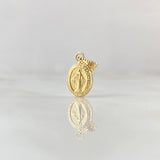 Pendant Miraculous Virgin 0.45gr / 1.5cm / Matte Oval Yellow Gold 18K ©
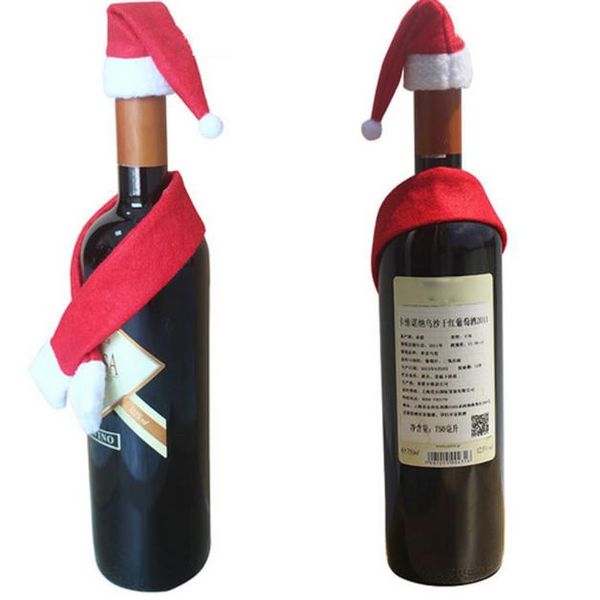 

christmas hat scarf red wine bottle christmas decorations navidad creative home party xmas hat 2019 decoraciones para el hogar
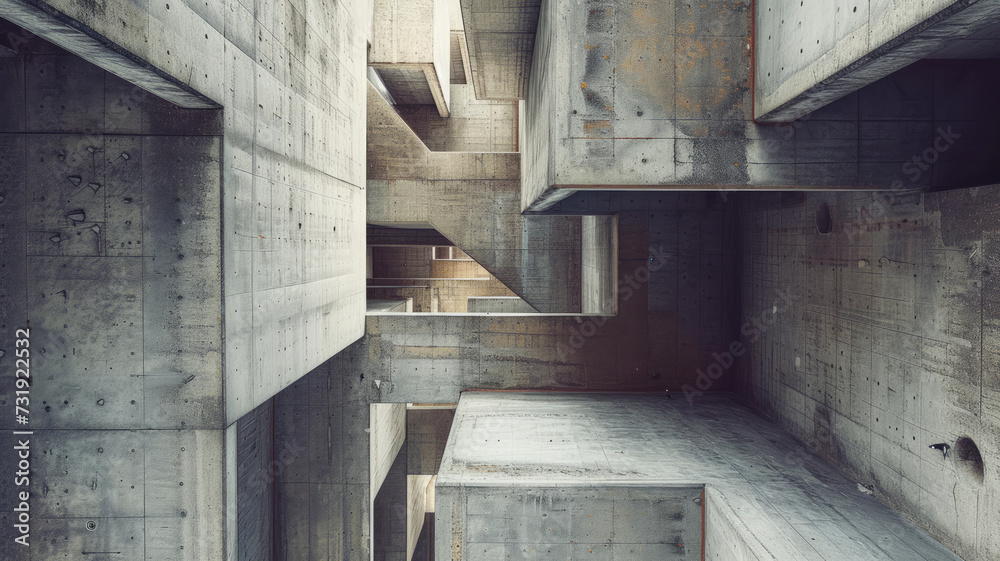 Abstract view of architectural concrete building features, showcasing the mesmerising geometry of our urban architecture 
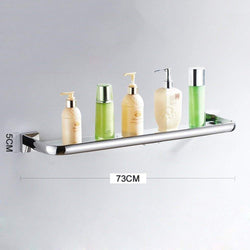 DEED Wall Hanging Mount Rack Toilet Shelf Stainless Steel Bathroom Shelf Dressing Table Dressing Table Tempered Glass Mirror Frame Storage Rack,73cm
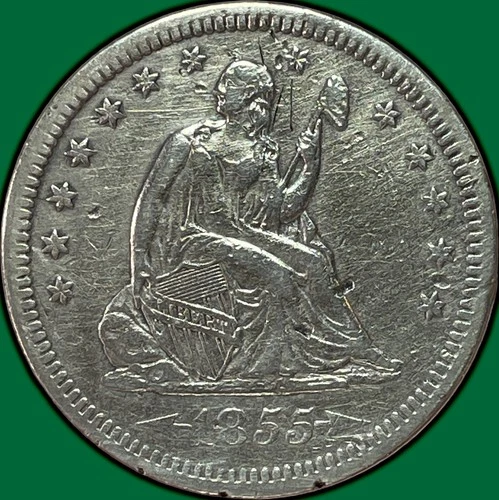 1855 Seated Liberty Quarter Extremely Fine XF Coin, Cleaning #35235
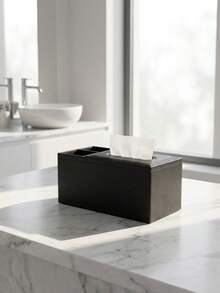 1/2pcs Multi-Functional Compartment Tissue Box, Luxury Appearance, Divided Storage, Suitable For Living Room, Bedroom, Dining Room, Car, Home Decor Enthusiasts, Multi-Functional Leather Tissue Box - Black - View 9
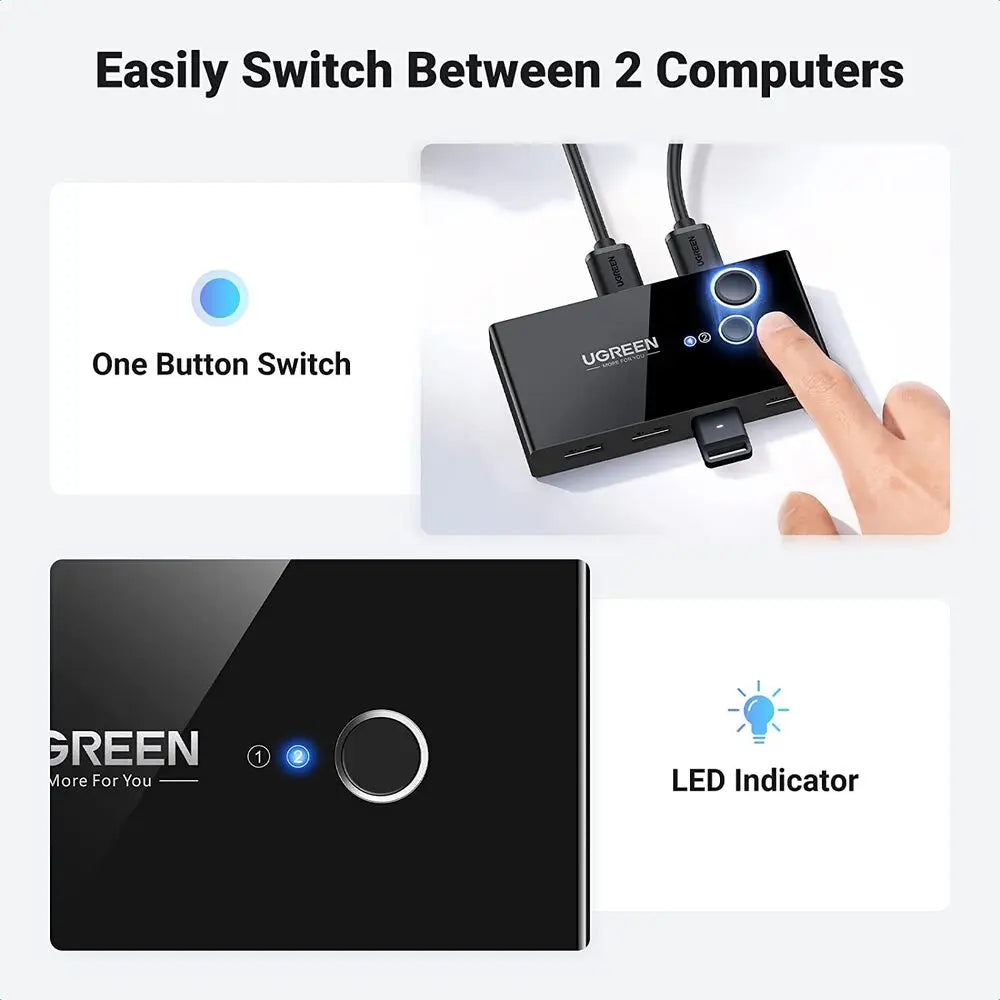 UGREEN 30768 2-PC 4-Port USB 3.0 Sharing Switch — connection and usage detail 1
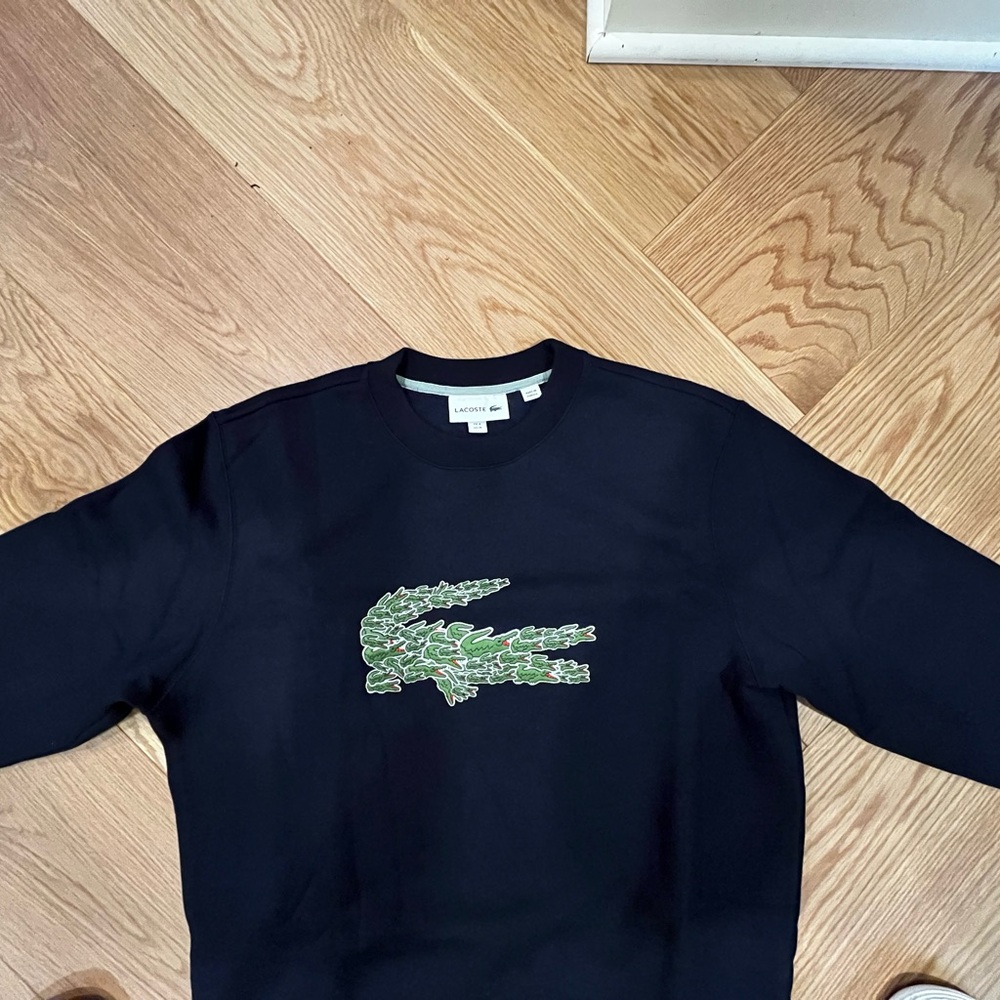 RARE Lacoste Navy Sweatshirt with Green Accent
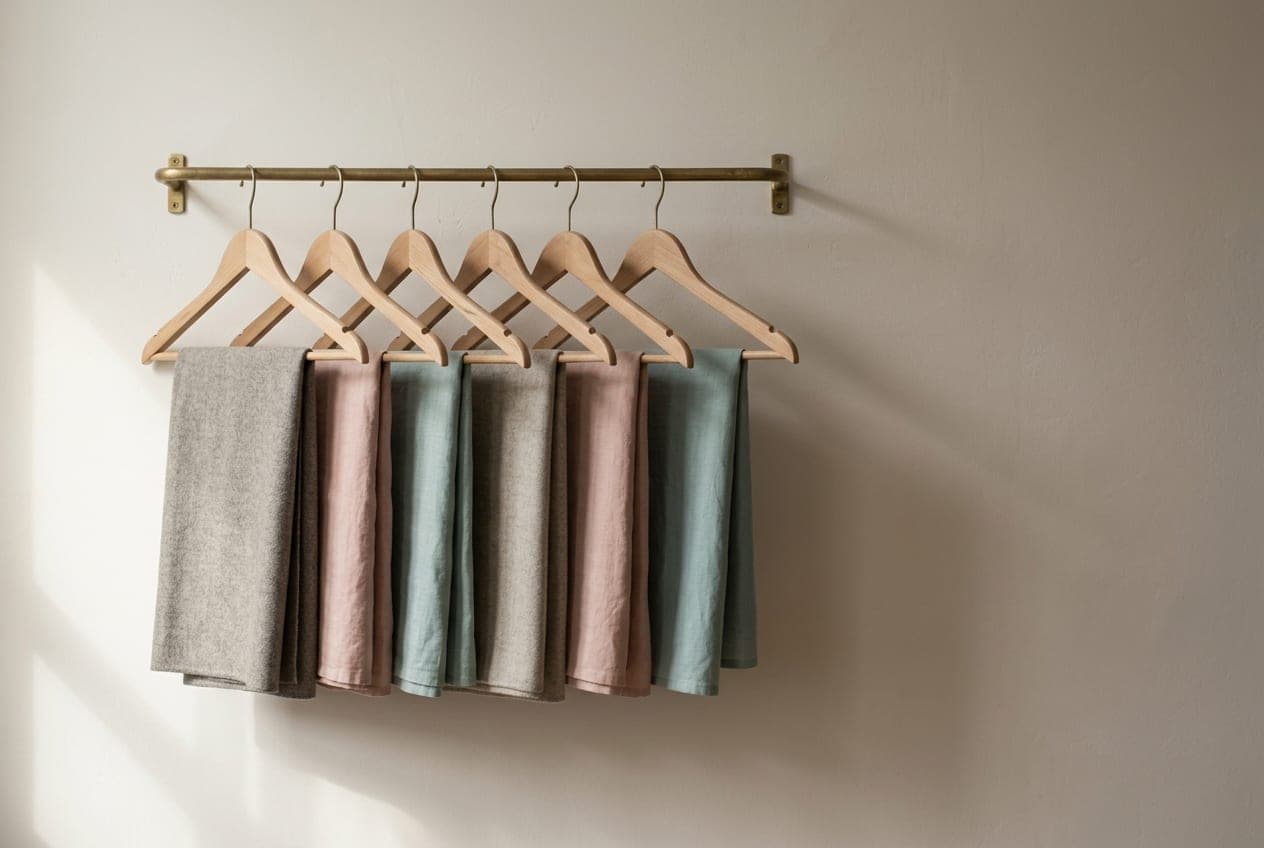 Lengths of cloth in muted stone, blush and soft teal hanging on a slim brass rail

- _Task brief_: Having located the line with "1/2pcs Multi-Functional Compartment", copy it exactly along with every later line through the end of the listing above, but omit the pictures.

- _Answer space_:
 1/2pcs Multi-Functional Compartment Tissue Box, Luxury Appearance, Divided Storage, Suitable For Living Room, Bedroom, Dining Room, Car, Home Decor Enthusiasts, Multi-Functional Leather Tissue Box - Black - View 9
 UGREEN 30768 2-PC 4-Port USB 3.0 Sharing Switch — connection and usage detail 1
 RARE Lacoste Navy Sweatshirt with Green Accent
 Lengths of cloth in muted stone, blush and soft teal hanging on a slim brass rail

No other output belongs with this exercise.